Aż o ponad 113 proc. więcej osób niż rok temu zmarło w listopadzie w naszym regionie. Gorzej było tylko w województwach podkarpackim i opolskim
Jak wynika z danych Rejestru Stanu Cywilnego, w listopadzie zmarło w Polsce 64 290 osób czyli o blisko 96 proc. więcej niż rok temu. Największy wzrost zgonów zanotowano w województwie podkarpackim - o blisko 118 proc. Lubelskie jest pod tym względem na trzecim miejscu w Polsce. W listopadzie tego roku zmarło u nas 3981 osób, podczas gdy w tym samym miesiącu w ubiegłym roku – 1864. Oznacza to wzrost o 113,57 proc.
W listopadzie tego roku w samym tylko Lublinie zarejestrowano 774 zgony, podczas gdy w analogicznym okresie zeszłego roku było ich 392. Tak źle jak teraz jeszcze nie było.
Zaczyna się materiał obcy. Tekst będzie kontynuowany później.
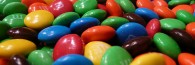 Mixed MMs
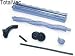 iRobot Scooba Accessories PKG, Caddy,Filter,Replenish Kit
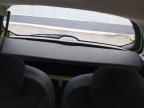 2007 CITROEN C2 COOL for sale at Copart CHESTER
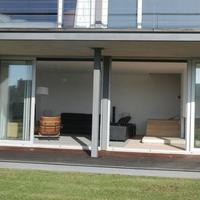 Вилла в Португалии, Албуфейра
– W ostatnim dziesięcioleciu liczba zgonów w listopadzie oscylowała w okolicach 390 – mówi Monika Głazik z biura prasowego lubelskiego Ratusza.
Niepokojącą tendencję dotyczącą liczby zgonów można było zauważyć już w październiku. Jak pisaliśmy, w województwie lubelskim był to wówczas wzrost o 46 proc. w porównaniu do października minionego roku (z 1870 do 2731 osób). Podobne były dane dla całego kraju. W październiku w Polsce zmarło ponad 49 tys. osób, podczas gdy w ostatnich latach średnia liczba zgonów w tym miesiącu oscylowała wokół 34 tys. (wzrost o ponad 40 proc.).
Nie doczekali się pomocy
Już wtedy lekarze zwracali uwagę, że do takich statystyk przyczyniły się nie tylko zgony pacjentów z Covid-19. Zdaniem medyków, to także „żniwa” jeszcze pierwszej fali epidemii, kiedy pacjenci niezakażeni zostali pozbawieni dostępu do lekarzy w czasie wiosennego lockdownu. Ograniczone zostały diagnostyka i leczenie planowe, zarówno w warunkach szpitalnych, jak i ambulatoryjnych.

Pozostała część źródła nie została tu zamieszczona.